Throughout there are similar small victories of transfigured awkwardness. An elderly cleaner's stricken expression when she's peremptorily fired for being late appears to spring as much from a non-professional actor's discomfort as from her character's misfortune. Yet this fleeting moment delivers the shock of reality caught red-handed - which is to say that Loach remains steadfast in his commitment to blurring the boundaries between documentary and fiction.

The film's spartan mise en scène is largely co-ordinated with the cleaners' dull blue uniforms - mustering a pictorial flourish or two only after they've switched to red Justice-for-Janitors T-shirts. One epic shot of the new militants crossing a bridge en masse evokes 20s Soviet cinema, and the steal appears deliberate. Like Land and Freedom (1995) and some earlier films Loach made for television (The Big Flame, 1969; Days of Hope, 1975), Bread and Roses comes near to realising the Eisensteinian ideal of a collective hero. Though the class struggle in this case remains on the molecular level (as in Riff-Raff, 1991), the characters are basically emblems of dissent rather than individuals in their own right. The immigrant workers sport anonymous livery, while their corporate masters are portrayed as so many headless suits and shuffling shoes.

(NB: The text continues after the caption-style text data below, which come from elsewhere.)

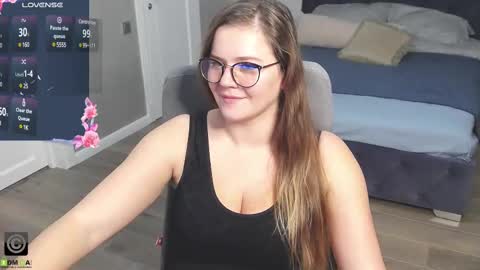 Snapshot of kellielowie chatting on December 2024 04:06:01 PM kellielowie online show from December 2024 04:06:01 PM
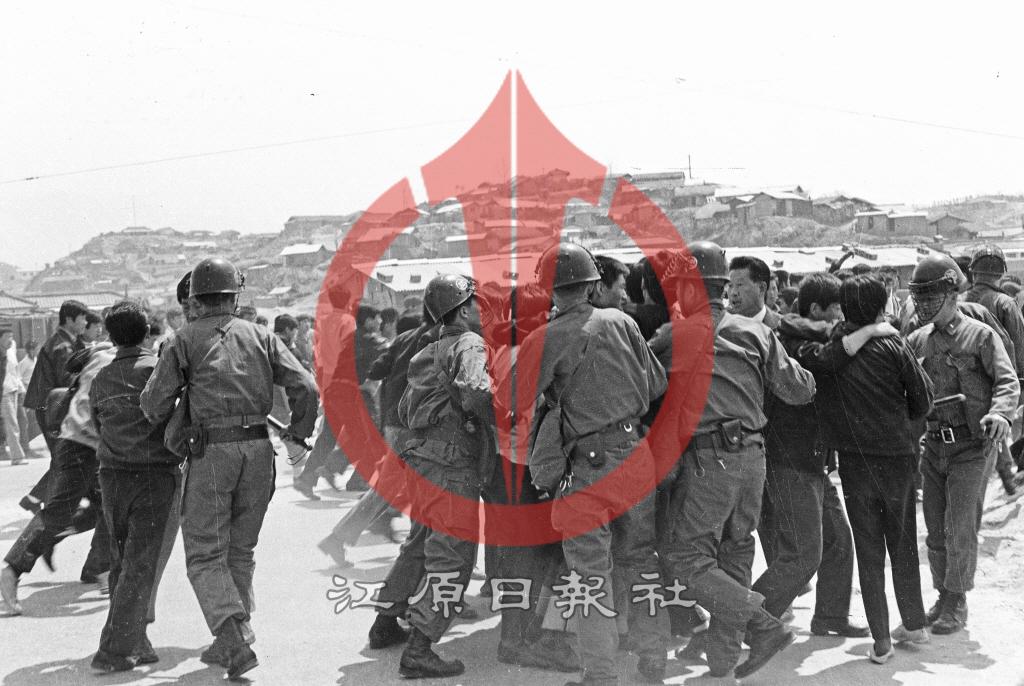 강원대학 학생 교련 반대 데모 이미지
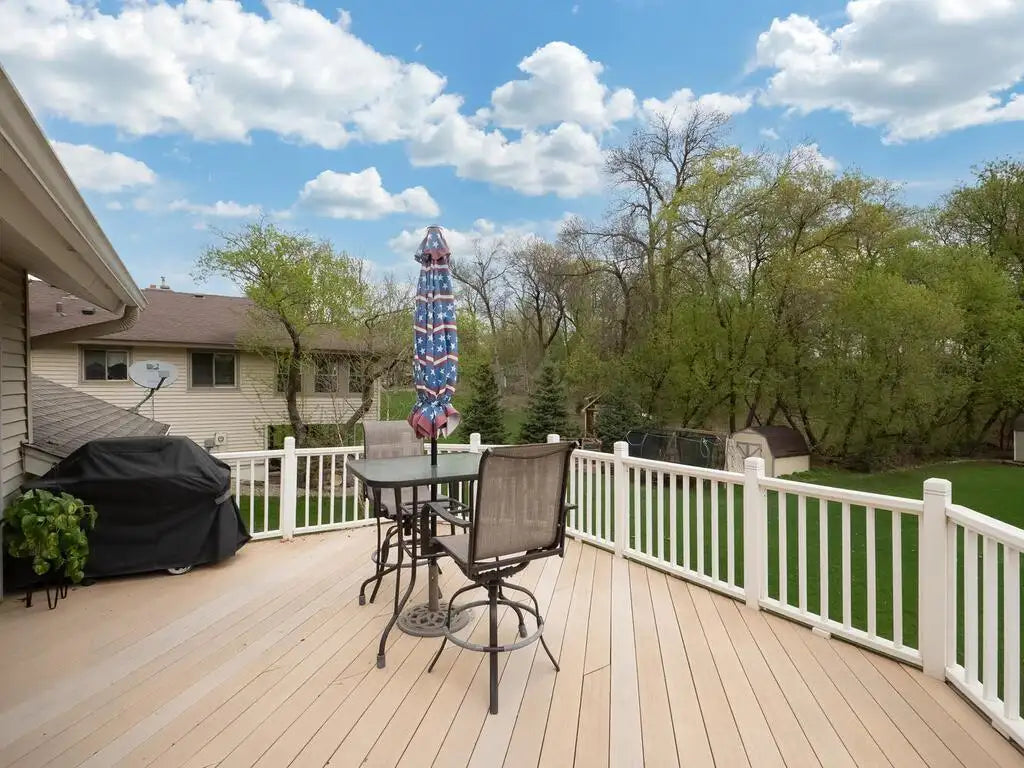 12033 Robin Road, Maple Grove, MN 55369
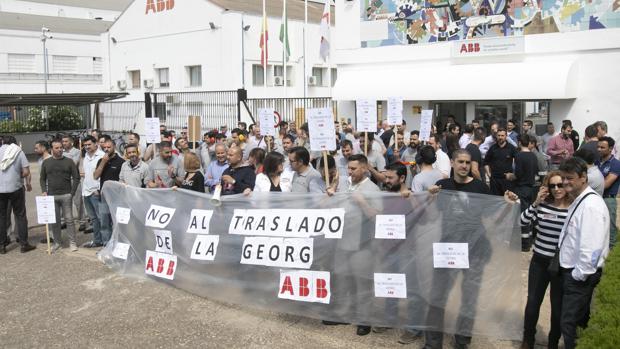 Protesta de trabajadores de ABB en mayo de 2018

Loach could hardly be more graphic in announcing a method based on group dialectics and social typage. There's a gestural heroine in the shape of feisty Maya (Pilar Padilla), but she's a Latin spitfire straight out of central casting whose sole narrative function is to be politicised. Loach and screenwriter Paul Laverty are so unequivocally on the janitors' side they're willing to forego a degree of moral subtlety. Time and again, one feels ambiguities have been quashed in the interest of a clear revolutionary sales pitch. For a brief season it looks as if Sam (Adrien Brody), the eager labour organiser who hazards human lives at little personal risk, will be ascribed a pair of clumping clay feet. But that would complicate Loach's proletarian hero-worship, so any lingering suspicion gets transferred on to the higher-ups (represented by one of his typically cautious and self-seeking union officials).

Just about the only time the movie plumbs murkier depths is in the emotionally overpowering scene where Maya's sister Rosa (Elpidia Carrillo) explains why she finked on the activists to management and pours forth her scalding resentment of the whole family. Suddenly you're torn apart because you recognise that everyone has their reasons. For a few precious moments, Loach achieves the same quality of naked observation he sustained in his 1998 masterpiece My Name Is Joe (and one is similarly reminded that realism can't always be distinguished from melodrama). Otherwise, Bread and Roses should do much to placate those critics who have charged the director with miserabilism - there are even dollops of sprightly ethnic music to punctuate the janitors' merrier assaults on the capitalist order. Yet an upbeat Ken Loach isn't necessarily what we want. For against the facile solutions to working-class decline proposed by the likes of Billy Elliot or The Full Monty, Loach's best work dares to speak an everlasting nay.